PAUL KRAKE - Is being deliberately contrarian a strategy? (part 2)
Is being deliberately contrarian a strategy? (part 2)
(This is the final part of the Weekly Blotter. The first part can befound here)
(....) Wednesday’s UK inflation reading should confirm what the EU and US appear to be telling us that inflation globally has peaked. Tariff pressures / rhetoric is only going to get worse and while this could lead to spiking prices in the sectors effected, the initial response is growth negative.
With market positioning skewed heavily short across the US yield curve, what is the catalyst for long dated yields to make new highs? I see very little, so buying fixed income as US 10-year yields move above 3% is sensible. Contrarian but sensible. The same applies for the USD. While currency pairs are always a little more complicated than fixed income because you have to deal with the fundamentals of two economies, many of the reasons that US rates look capped can be applied to the USD. The DXY has been roughly 90-95 for most of the year and fading strength and buying weakness has proven a clever strategy. For me, the best expression of a short USD strategy with the USD and long dated yields at the top of their trading ranges is against the Yen. Since the inauguration of President Trump, the Yen has been stuck in an historically tight range with most of the time spent between 108 -114. However, for all the hyperbole about USD strength in recent months, the broad range continues to be one of the USD making lower highs and lower lows. Again, I am no technician but what is the fundamental catalyst for the Yen or the USD to do something different? Selling the USD and buying the Yen with a stop at 114, targeting 107 and below on a nine-month view is compelling.
Finally, crude oil, like most other assets in 2018, WTI has been stuck in a range, between $64 - $71. Is there a true reason for oil prices to move significantly higher to establish a new trading range? Iranian sanctions are well telegraphed and while China’s current stimulus would historically put a bid into the oil market, trade concerns are offsetting this.
Over the next two weeks, we are going to break up our model portfolio into a tactical and a structural page.

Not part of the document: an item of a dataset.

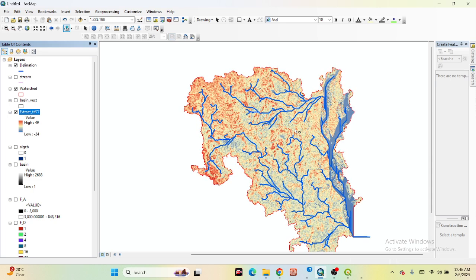Now you can create this type of watershed delineation and find out this type of stream order. You can make a map layout and represent it. This is the process of how we can easily create the watershed delineation and drainage mapping using the DEM data. In the next tutorial, I will also explain how to calculate stream length, stream density, and stream order. Just keep in touch with Study Hacks and gain knowledge about the geospatial sector. Thank you for watching.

This should make it much clear to those of you for focus on our shorter- or longer-term ideas. We will still aggregate our returns, but this new format will give you great clarity on our thinking.
Tactically, we believe that the next four weeks will see the ranges that have prevailed for most of 2018, in the USD, US 10’s, USDJPY and Crude oil continue. As such, the thematic model portfolio will establish a tactical basket of Long US 10-year bonds, Short WTI and Short USDJPY.
- Short 25% position in USDJPY @ 112.20 (stop 114.25)
- Long $75,000 bps @ 3.01% (stop 3.15%)
- Short 10% position in WTI (stop $72.25)
Structurally, I will also add $75,000 to a long 10 Gilt position above 1.50%. Brexit remains a mess and I see no political avenue for PM Mat to negotiate a deal that could pass an increasingly dogmatic hard Brexit caucus in the UK Conservative Party.
This week will be filled with the aftermath of tragic natural disasters on the Atlantic Coast of the United States and South East Asia. Damage to Hong Kong and the Carolinas is extensive and will require a fiscal response. The Bank of Japan, despite rising rhetoric should prove a non-event but hawkish talk would boost the yen. The rest of the week is light for data. On Monday, EU CPI. On Wednesday, UK CPI and PPI, and the US reports on housing. On Thursday, New Zealand GDP. On Friday, Japanese Industry Activity, PMI’s of Japan, Germany, the EU, and the US are released, and Canada prints CPI.